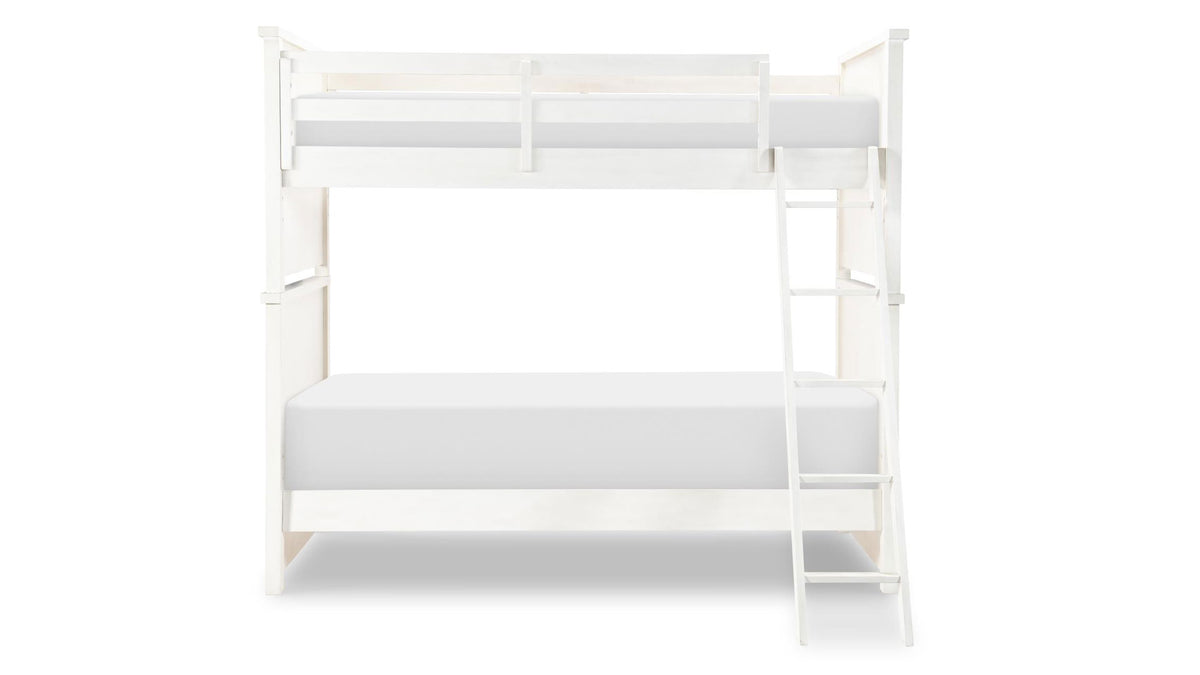 Flatiron White Twin Over Twin Bunkbed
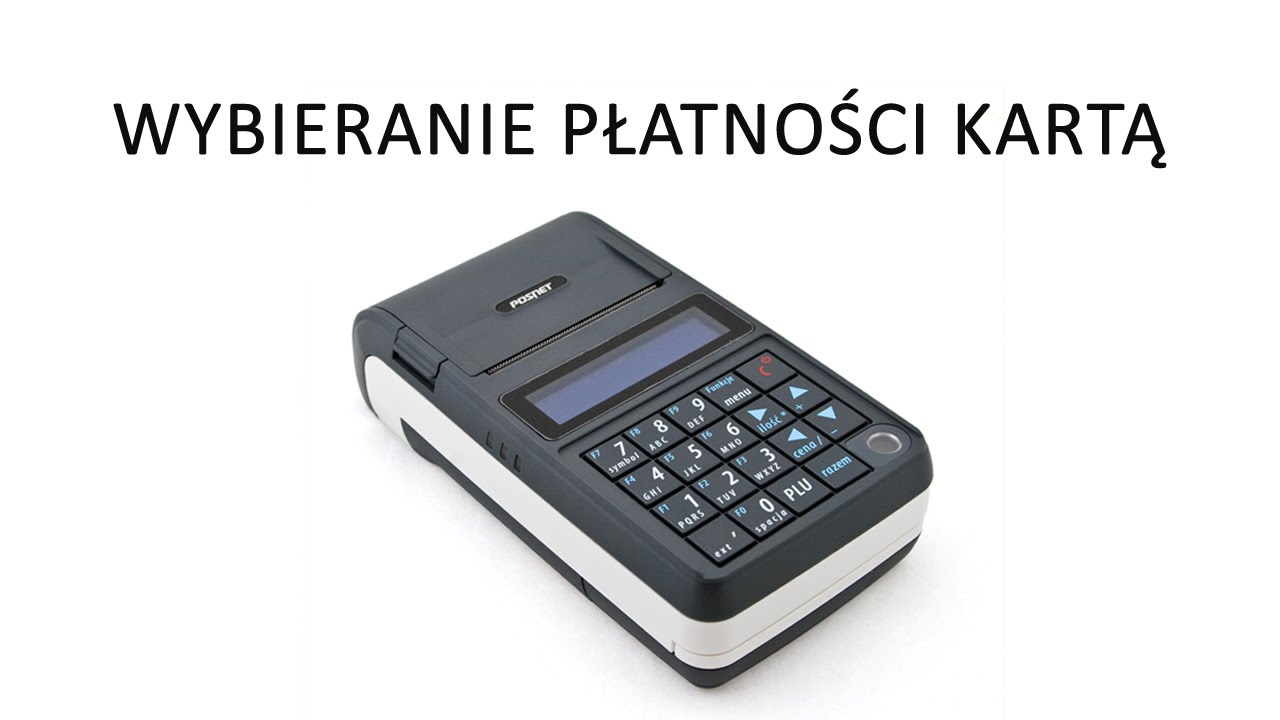 Posnet Mobile HS EJ wybieranie płatności kartą - kasy-drukarki.pl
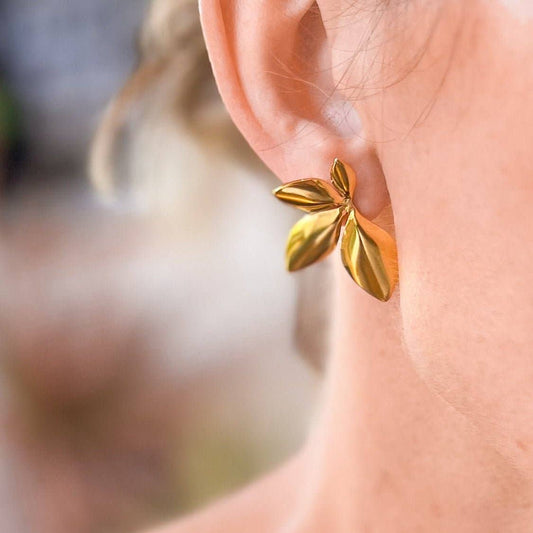 Natalie Clare Collections - Leaf Statement Earrings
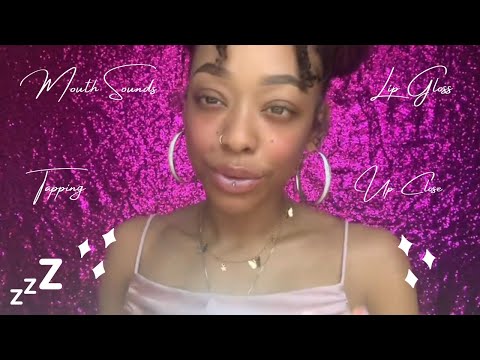 Chynaunique ASMR Lipgloss Application Part 3 Compilation | Tingly Mouth Sounds, Tapping, Up Close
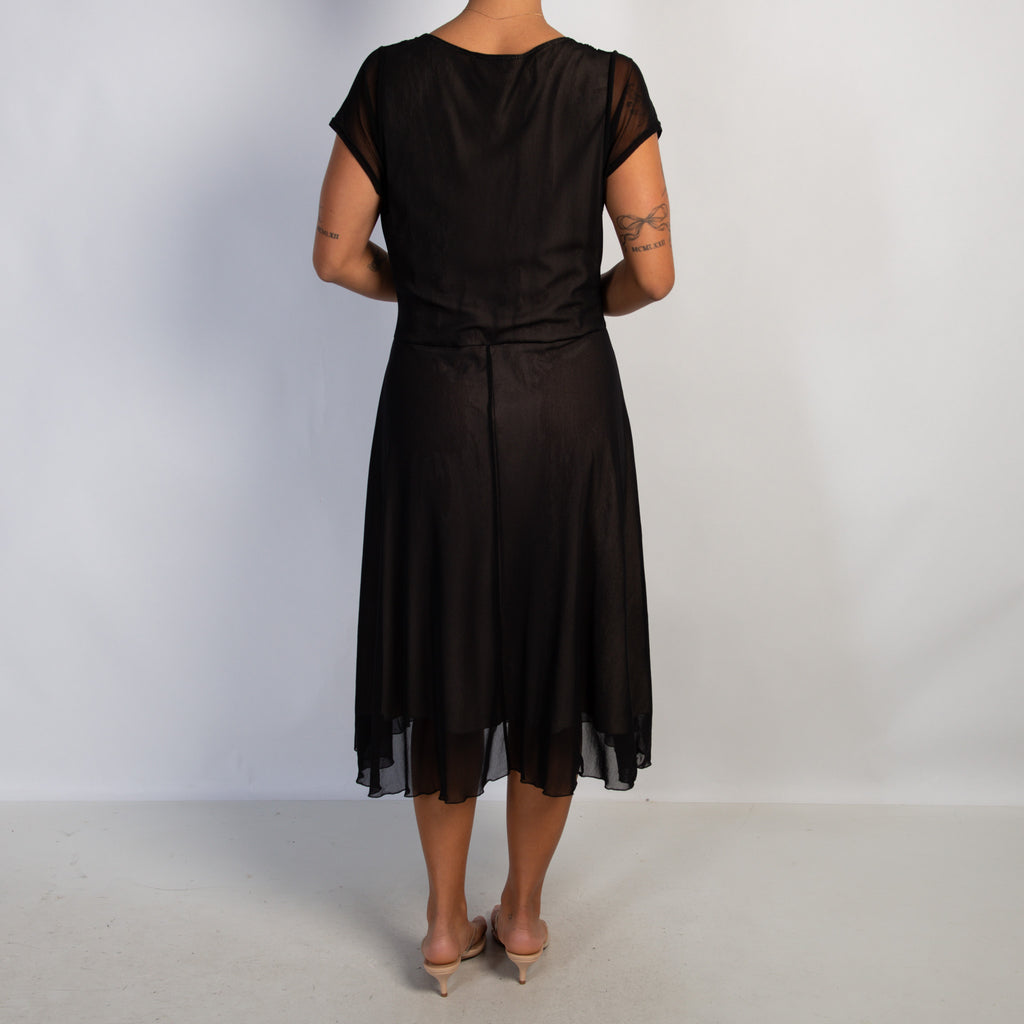 BLACK MESH DRESS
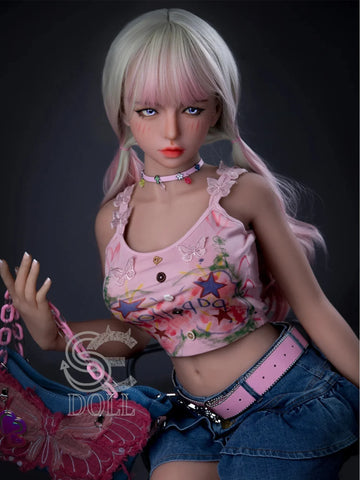 S3762-Mika.D F Cup Cute TPE Mini Sex Doll Pink Hair Fashion Girl｜SE Doll 153cm(5ft)-29.5kg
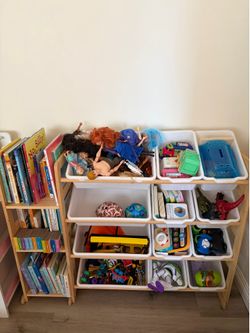 Toy storage organizer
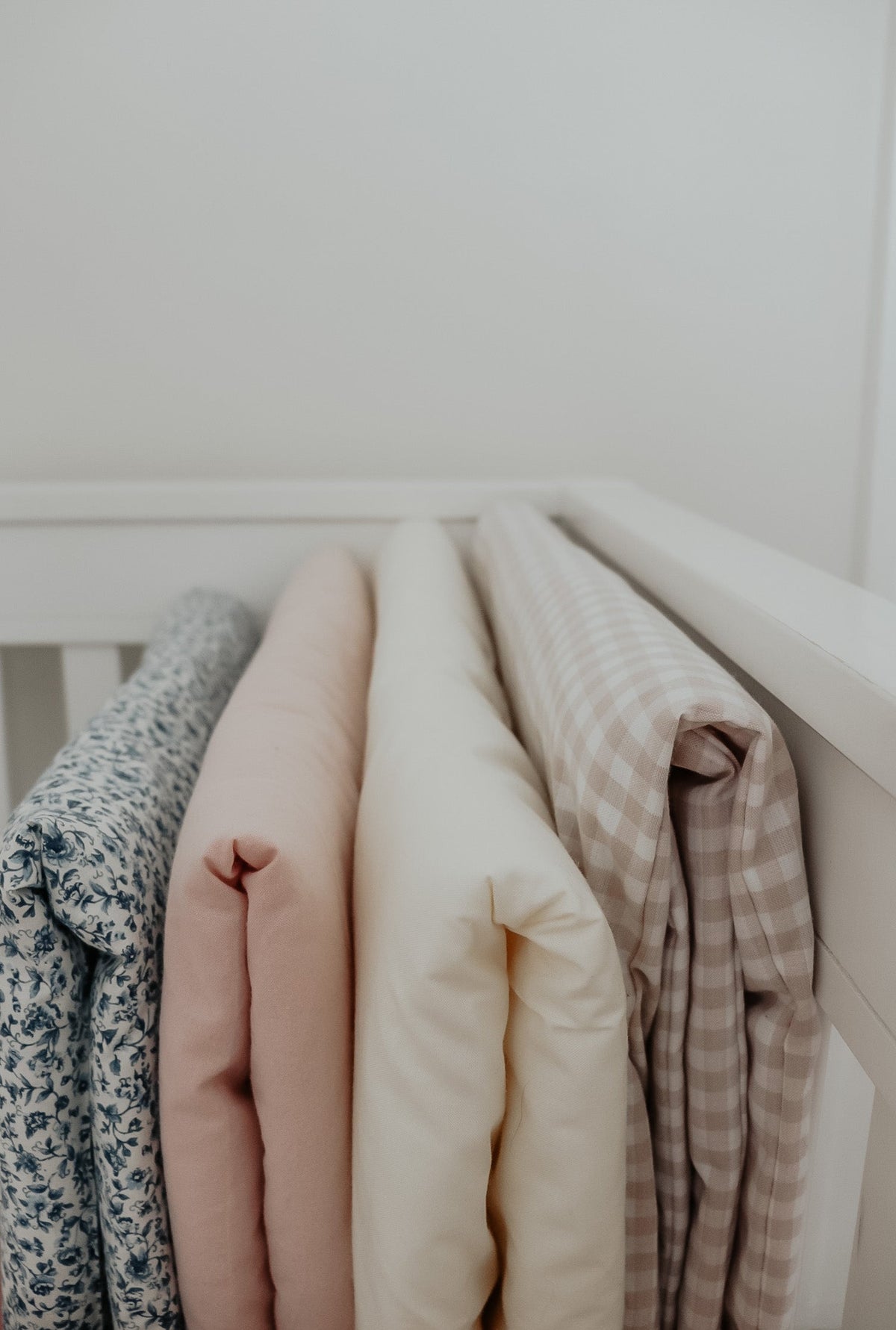Beige Gingham Crib Quilted Blanket — Little Mae & Co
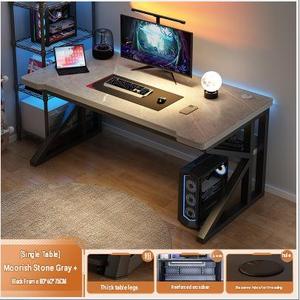 Mesa de escritorio para juegos Moonstone Grey, 80 x 60 x 76 cm, mesa de ordenador reforzada para PC, mesa de escritura para ordenador - Product Image 1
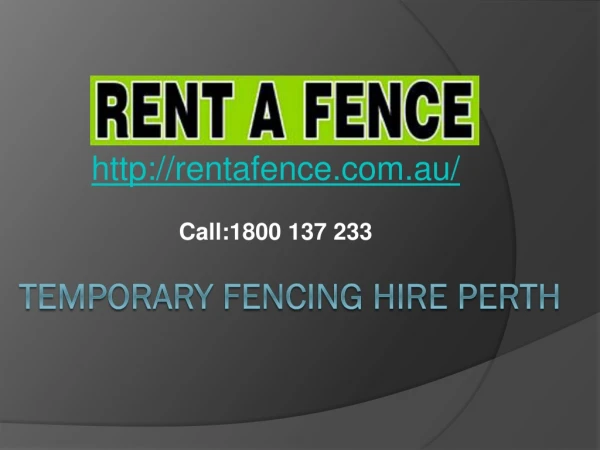 Temporary Fencing Hire Perth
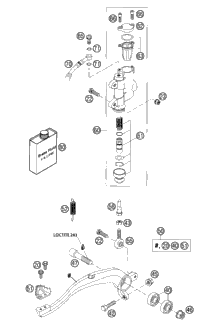 KTM BRAKE CALIPER RE.CPL.85 SX 03 2005 85 SX 47013080000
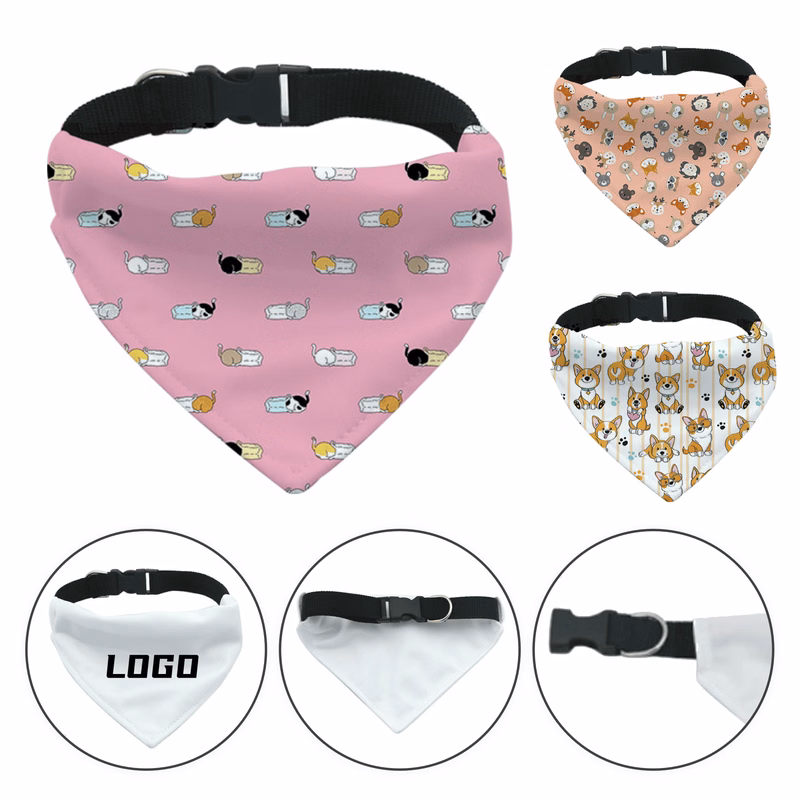 Pet Accessories Sublimation Printed Bandana Bib
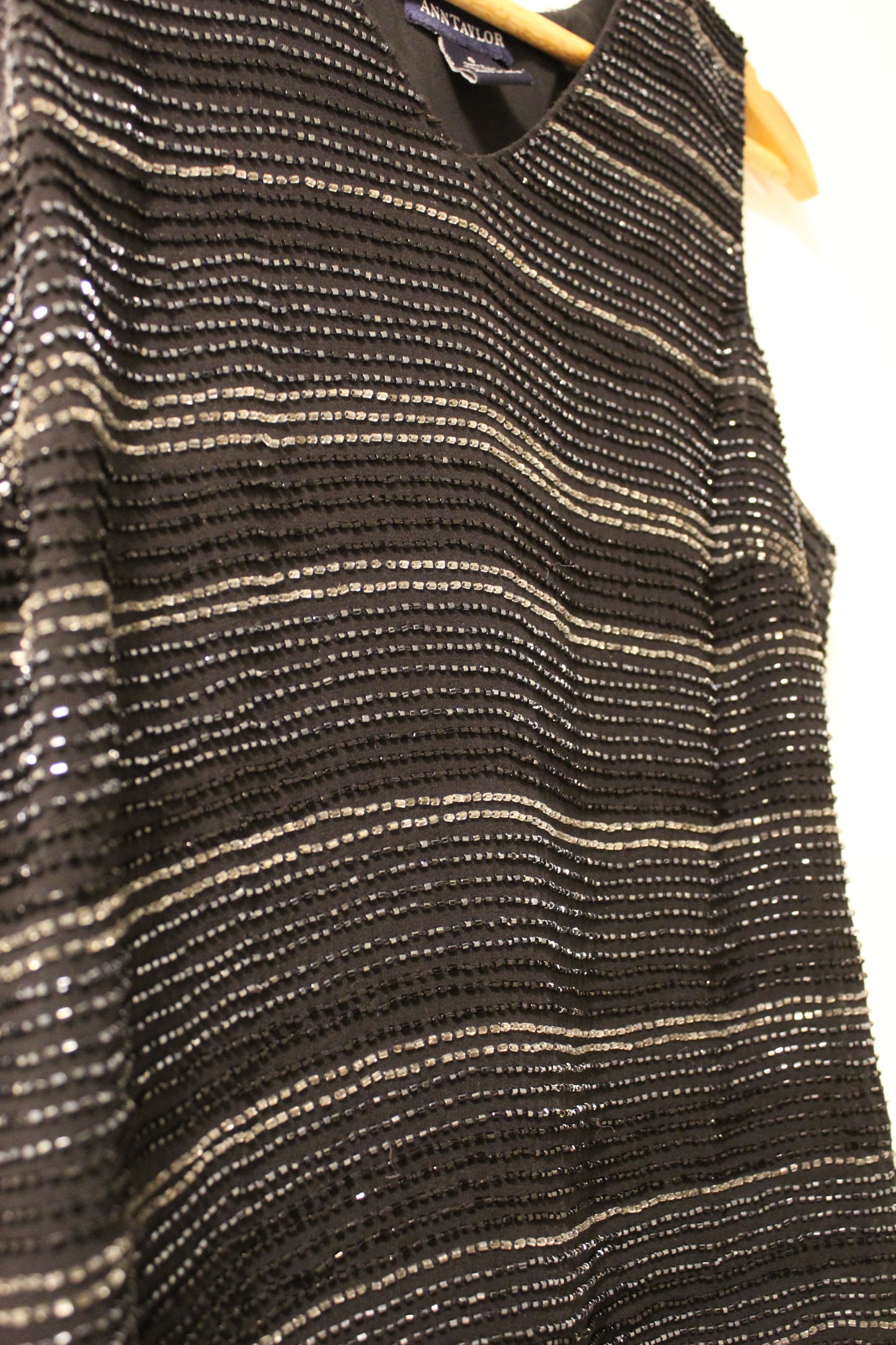 Ann Taylor Black Sequin Tank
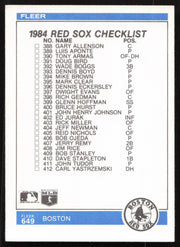 Tony LaRussa Autographed 1984 Fleer Card #649 Chicago White Sox SKU #265194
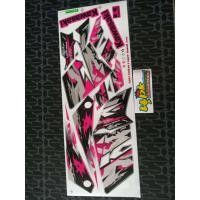 ราคา สติ๊กเกอร์ Kawasaki KSR 150 สีชมพู ปี 2013 รุ่น 9 สีสวย ราคาถูกที่สุด คุณภาพดี (1289944002)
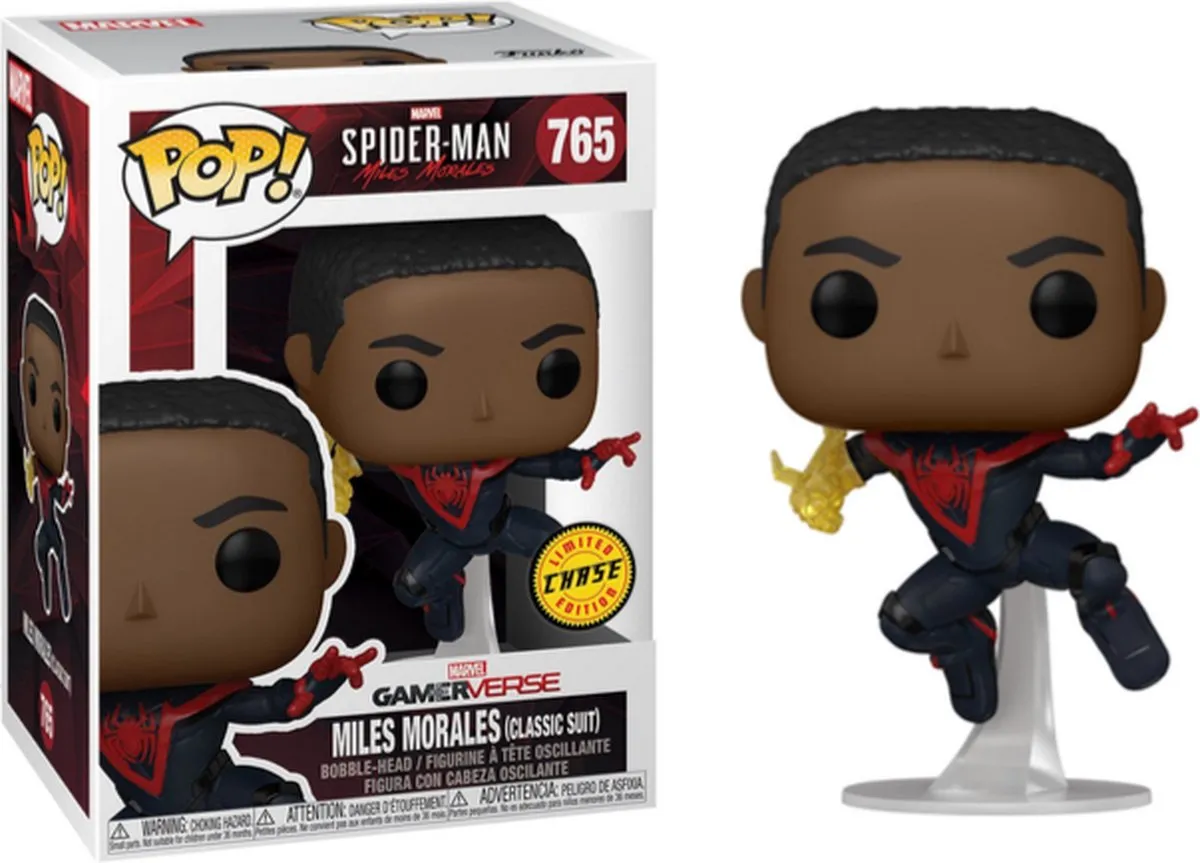 Funko Pop! Miles Morales Spider-Man Figuur 9cm - Multicolor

§ **What the exercise asks**
Reproduce all the material exactly, omitting images.

§ **Written solution**
 Flatiron White Twin Over Twin Bunkbed
 Posnet Mobile HS EJ wybieranie płatności kartą - kasy-drukarki.pl
 Natalie Clare Collections - Leaf Statement Earrings
 Chynaunique ASMR Lipgloss Application Part 3 Compilation | Tingly Mouth Sounds, Tapping, Up Close
 BLACK MESH DRESS
 S3762-Mika.D F Cup Cute TPE Mini Sex Doll Pink Hair Fashion Girl｜SE Doll 153cm(5ft)-29.5kg
 Toy storage organizer
Beige Gingham Crib Quilted Blanket — Little Mae & Co
 Mesa de escritorio para juegos Moonstone Grey, 80 x 60 x 76 cm, mesa de ordenador reforzada para PC, mesa de escritura para ordenador - Product Image 1
 Temporary Fencing Hire Perth
 KTM BRAKE CALIPER RE.CPL.85 SX 03 2005 85 SX 47013080000
 Pet Accessories Sublimation Printed Bandana Bib
 Ann Taylor Black Sequin Tank
 Tony LaRussa Autographed 1984 Fleer Card #649 Chicago White Sox SKU #265194
 ราคา สติ๊กเกอร์ Kawasaki KSR 150 สีชมพู ปี 2013 รุ่น 9 สีสวย ราคาถูกที่สุด คุณภาพดี (1289944002)
 Funko Pop! Miles Morales Spider-Man Figuur 9cm - Multicolor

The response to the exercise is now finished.